RAW DATA |

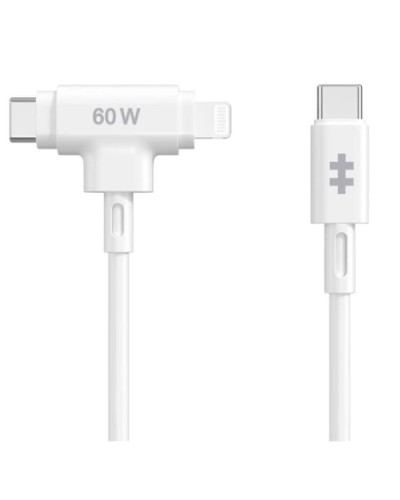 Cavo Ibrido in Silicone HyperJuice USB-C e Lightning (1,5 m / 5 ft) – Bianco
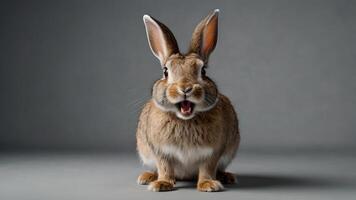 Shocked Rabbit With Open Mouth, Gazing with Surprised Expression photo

...

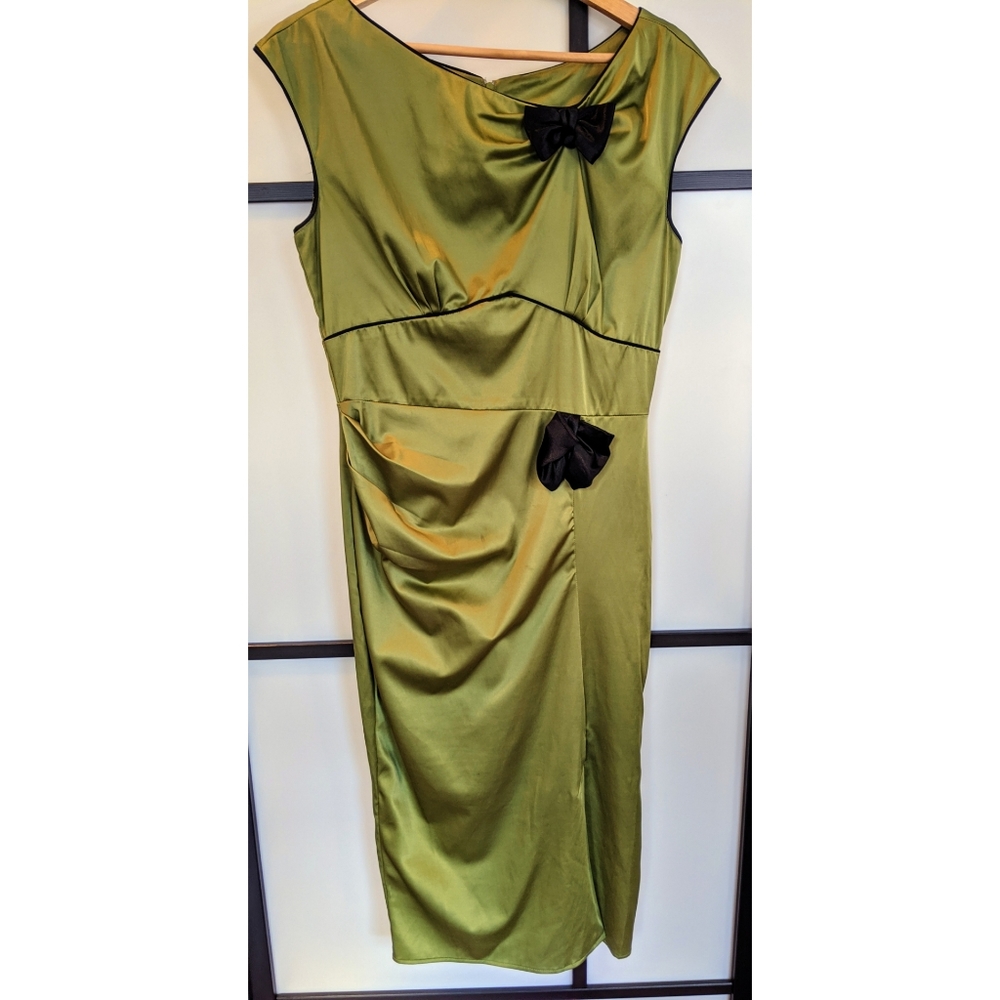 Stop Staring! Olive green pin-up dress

---

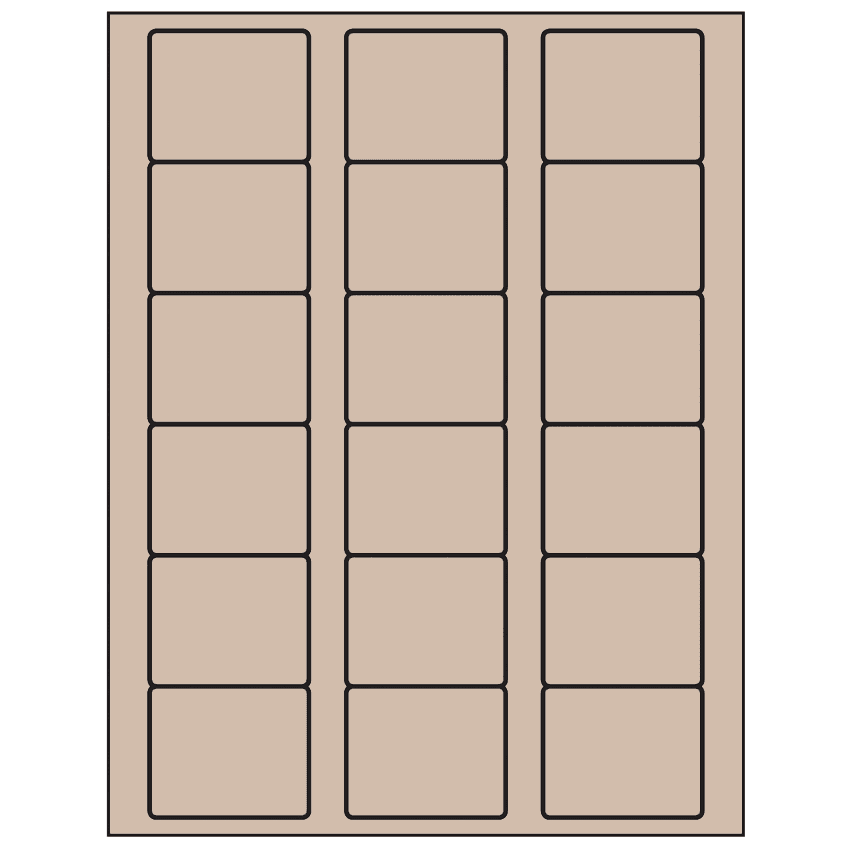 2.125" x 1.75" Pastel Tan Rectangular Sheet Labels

DIRECTIONS FOR THIS TASK |
Return the stretch of data that begins with the line showing "Cavo Ibrido in" and goes on through the line showing "Shocked Rabbit With", exactly, with pictures removed.

TASK OUTPUT |
 Cavo Ibrido in Silicone HyperJuice USB-C e Lightning (1,5 m / 5 ft) – Bianco
 Shocked Rabbit With Open Mouth, Gazing with Surprised Expression photo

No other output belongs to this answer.